CEO, Brett Kelly, says the next step is to increase the volume to 50,000 litres a week, but the long-term objective is to reach the 20-million-litre mark.
“We’re taking every step very slowly and very carefully so we’re making sure that we get the retail frontage representation in China correct,” he said.
“We’re right at this minute putting together another CapEx (capital expenditure) review for our board meeting in a couple of weeks where we’re looking at spending $1.5 million to $2 million specifically on a new filler machine that will be used on fresh exports, and we’re obviously monitoring our volume and growth.
“What we want to do is get the volume slowly and securely growing and locked in, and then what we can do from there is we can come back to our members keeping them updated and giving them the opportunity to continue to increase their production.”
The co-operative has more than 200 suppliers from the Hunter Valley in NSW to Southern Queensland.
Mr Kelly is one of 38 industry representatives on a trade mission to China this week with the Federal Minister for Agriculture, Barnaby Joyce.
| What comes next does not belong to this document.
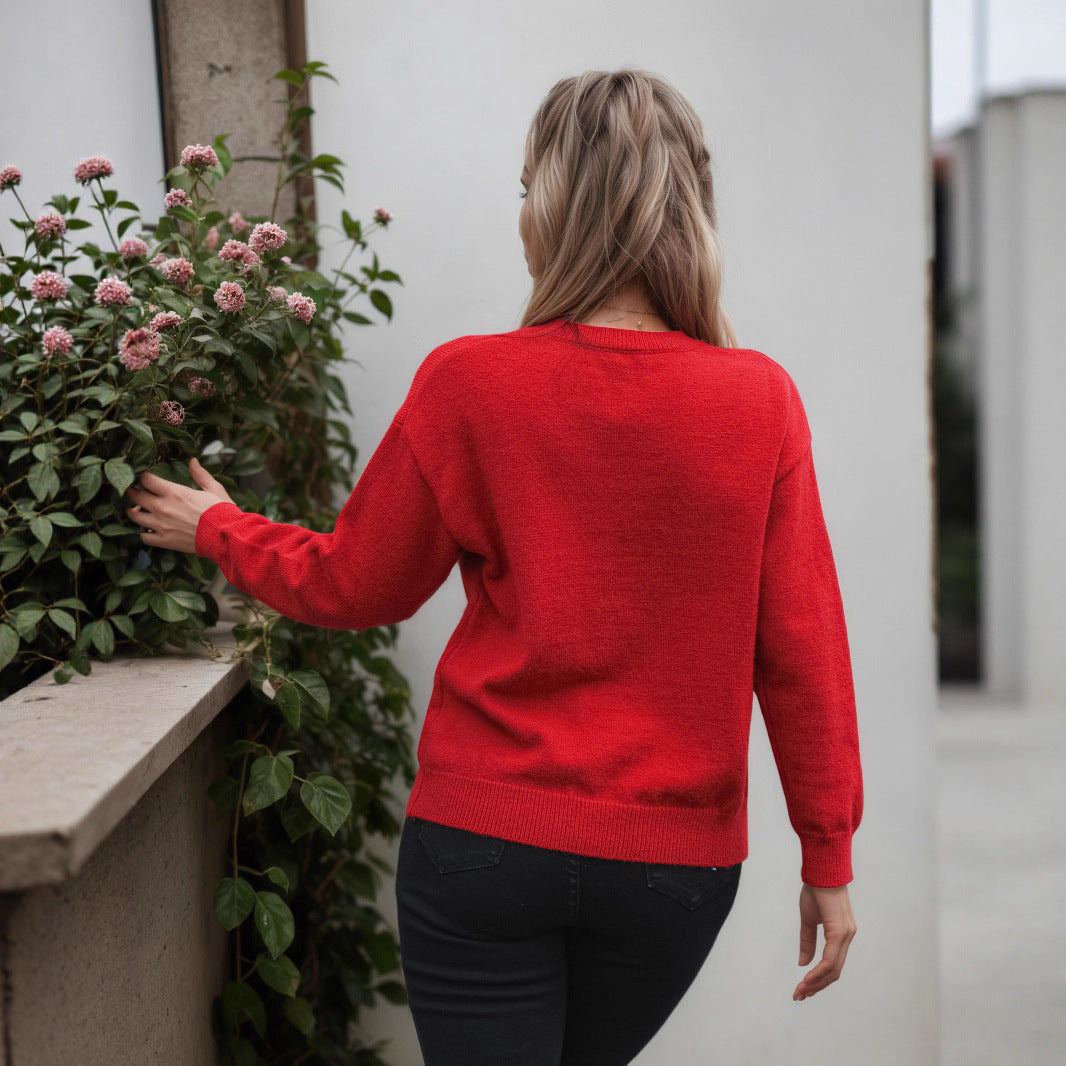 Women's Long-sleeved Knitted Jacquard Solid Color Sweater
“Norco’s position there is that we’ll obviously be meeting with more customers and continuing to build and grow the fresh milk export business,” he said.
“We’ve had a huge amount of enquiries, and we get that every day, but we’re dealing with about five that we see as key customers and they’re aligned strategically.
“We’ve looked at the online sales in China, which are very big, so we’re dealing with one customer there. We’re also dealing with other customers that are selling through the retail supermarket shopfront, but we’re trying to pick very carefully where we see the Norco brand be positioned.”